**WHAT THE TASK ASKS**:
Could you retype the whole listing, word for word?

**DATASET EXCERPT**:

···

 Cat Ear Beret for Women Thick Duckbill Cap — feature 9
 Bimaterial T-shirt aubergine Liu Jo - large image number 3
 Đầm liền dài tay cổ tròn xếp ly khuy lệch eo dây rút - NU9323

···

**EXERCISE OUTPUT**:
 Cat Ear Beret for Women Thick Duckbill Cap — feature 9
 Bimaterial T-shirt aubergine Liu Jo - large image number 3
 Đầm liền dài tay cổ tròn xếp ly khuy lệch eo dây rút - NU9323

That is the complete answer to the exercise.